When I started school, in the late-mid 1980s (I now have music from Hedwig and the Angry Inch stuck in my head, *sigh*), the prevailing notion was that a child's ability to read would be irreparably damaged if parents tried to teach their children literacy skills outside the classroom, except as explicitly instructed by the teacher. If this hadn't been the case, I might have been the stereotypical Little Professor who learned to read at age 3 or 4, but, as it was, I didn't have any difficulty (other than trying to remember how to draw a letter S) with the way I was taught to read in school, so things turned out ok for me. This isn't to say I didn't have school trauma in my early education. I clearly remember freaking out when my kindergarten teacher changed our seating arrangement, and also being upset because the name of the current month seemed to change just as soon as I was able to remember and recite it. My mother remembers me coming home from my first day of first grade in tears because they hadn't started teaching us to read on that day. I breezed through the lessons, maxed out the extra credit options, tested at the highest possible percentile on all the standardized tests. My teachers weren't quite sure what to do with me (and a handful of other "gifted" kids) so I got pulled out of class a few times a week to write my own stories in the library. I even got to put one of my little story booklets on a featured shelf in the library (I wrote a story about my pet budgie, Polly). I was terribly proud. From that early age, I identified myself as a Reader, and my family, friends, and teachers did too. I befriended and pestered a series of elementary school librarians (I had the odd distinction of attending three different elementary schools because of a local Baby Boom Echo in the late 70s and early 80s that resulted in the contruction of several new schools and a shuffle of students while the district was reorganized) and collected masses of printouts from the electronic card catalog on various topics. I started reading a few "grown up" level books in third grade, but my teacher didn't believe me. Cliche that it is, I think most of my friends were books when I was a kid. I wasn't totally socially isolated, I had friends, but I've always been a nerd.

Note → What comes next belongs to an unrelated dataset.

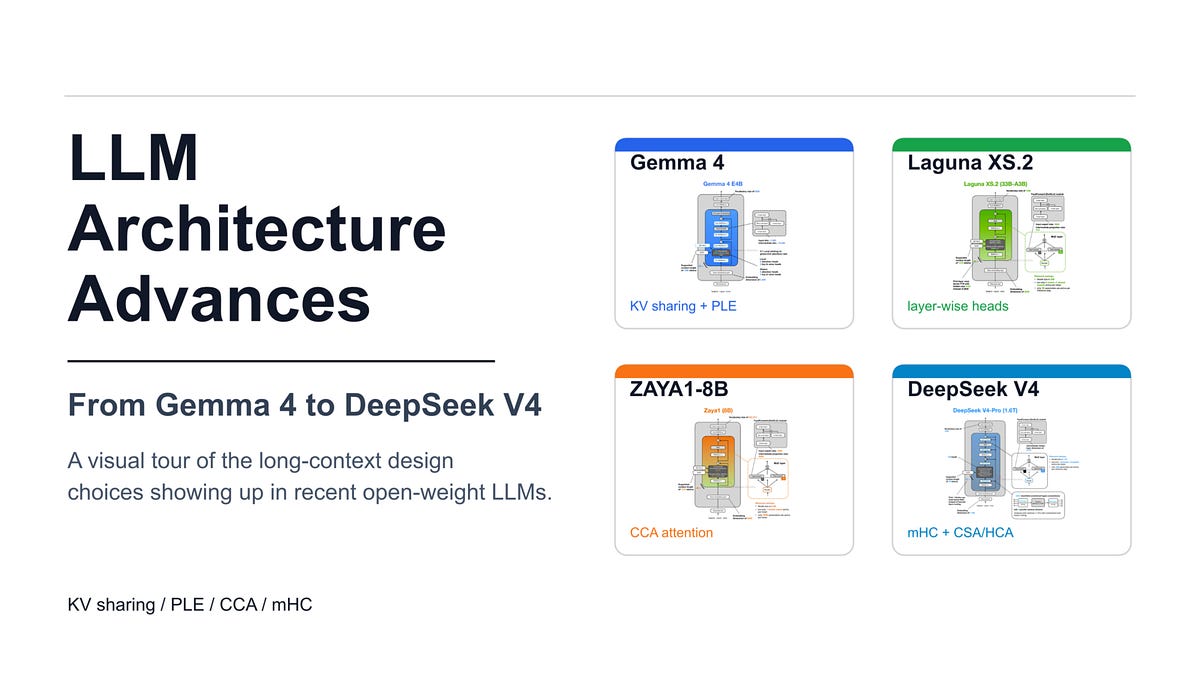 Recent Developments in LLM Architectures: KV Sharing, mHC, and ...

Fast forward to the last couple years of high school, when I started losing my sight. I was in denial for a couple of years (my parents still are) but as I slowly came to the realization that I couldn't read for more than a few minutes at a time, I was frightened and angry. How could I be me if I couldn't read? I got access to books on tape from the local library and later from NLS, and I've grown quite fond of reading-by-listening (despite auditory processing difficulties), but it just isn't the same. I can (for the most part) read large print books, but the books that get large type reprints aren't always the kinds of books I want to read.

The obvious first thing that most people think of when they think of a blind person wanting to read is braille. However, learning to read an entirely new alphabet, in a touch-based medium rather than a visual medium, as an adult, is significantly more difficult than starting out with braille (or both print AND braille) as a child. Braille, as you may not be aware, consists of more than simple substitutions of dots for letters and numbers. Because it takes up so much more space than even large print, because of the size of the characters and the thickness of the dots, literary braille by necessity must use over a hundred contractions. These contractions consist of abbreviations, special symbols, and combinations of letters and symbols. It's also optimized for transcribing the Christian Bible and other Christian materials, which makes it somewhat clunky for other materials. The special symbols and contractions are typically taught in chunks of a few contractions followed by practice material using those contractions, so the practice stories are of necessity fairly contrived, syntactically awkward, and BORING. I remember the basal readers in elementary school being similarly weird and boring, but I wish I could recall the enthusiasm that got me through them then.

I hope I can finish the dratted class by the end of the year. Or by June if I'm really motivated.